In the Rolling Stone article, Laurie Anderson, author of the novel Speak (about a high school rape and its effects on a victim) explained that “when it comes to recording sexual assaults and wanting to show it off, the young men committing them are not seeing them as crimes, they see them as pranks. And there’s no point in pulling a prank unless you share it.”
I’m not a gambler, but I’d bet that the young young men who stripped, scribbled and photographed Audrie Pott considered it a prank, and I’m equally comfortable putting money on the students at St. Mary’s and UBC believing they were just having regular, frosh week fun.
They all could think that way because they hadn’t been taught otherwise. Or at least the messages were not provided often or consistently enough. We can blame mass media all we want, but we can do better.
The lessons need to start early. Not at 14 – that’s when these terrible events begin to happen. The lessons must start much earlier.
Reinforce not only the law but the way laws attempt to legislate societal values of decency.
- People who are drunk can not consent.
- Taking pictures (in any state of undress) of someone under the age of consent is sexual assault.
- Maintaining and sharing those photos is possession and distribution of child pornography.
- Taking pictures (in any state of undress) of a person of any age, without their consent, is sexual assault.
Additionally, as parents we have a unique and ongoing opportunity to share our values with our kids and engage them in conversations about about acting with integrity and walking a mile in another person’s shoes.
More specifically, we can:
- Challenge media representations of consent (think Robin Thicke’s Blurred Lines) and question ideas of empowerment through sexualization (see Miley Cyrus)

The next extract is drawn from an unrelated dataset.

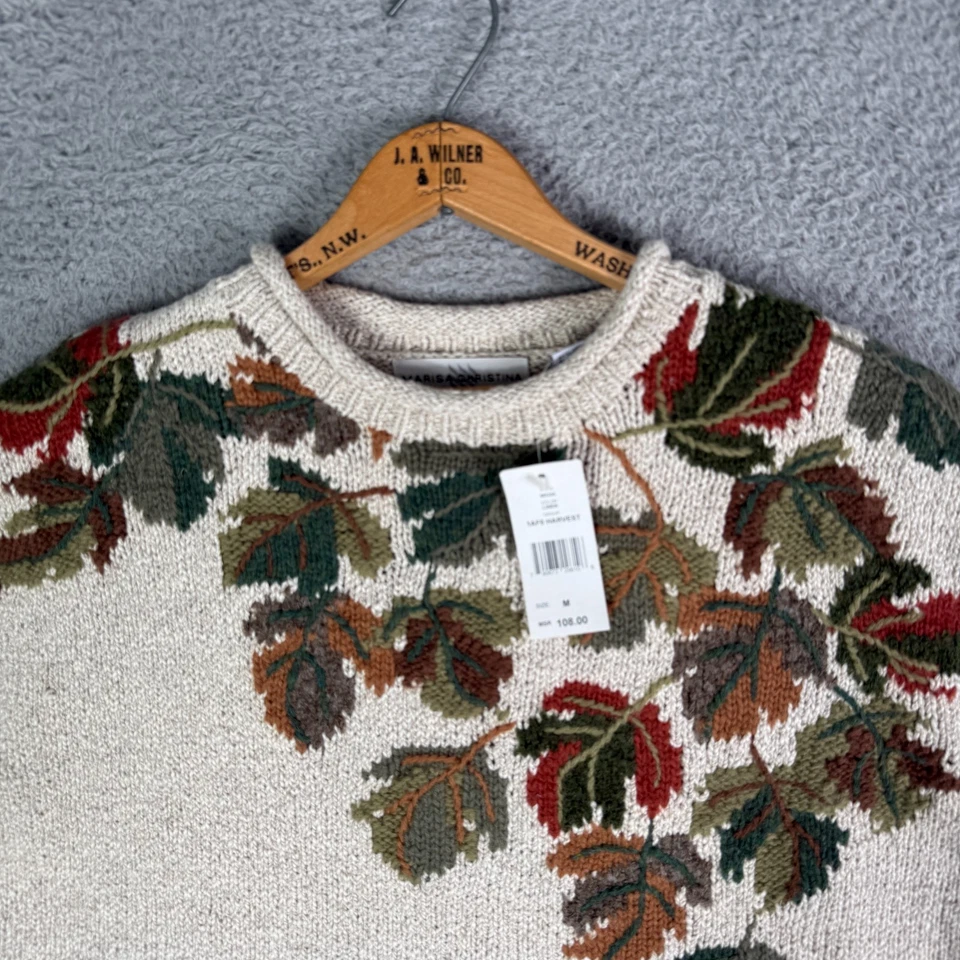 Suéter Marisa Christina Tejido Otoño Para Mujer Hojas Medianas Estampado Completo Nuevo Con Etiquetas Foto 3 de 4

- Talk to our kids about group think and how to stand up to thoughtless and out-of-line activity
- Call out their ideas about humour and ‘harmless’ behaviour
- Help them distinguish between public and private and recognize the permanence of everything that is uploaded to the internet
- Reinforce the notion that words have power, that a chant is not ‘divorced from reality’ but in some ways is a reflection of reality, and that our choices, especially when people are vulnerable, can have lifelong impact.
For the love of all that is good (about sex and sexuality), we can do this, can’t we?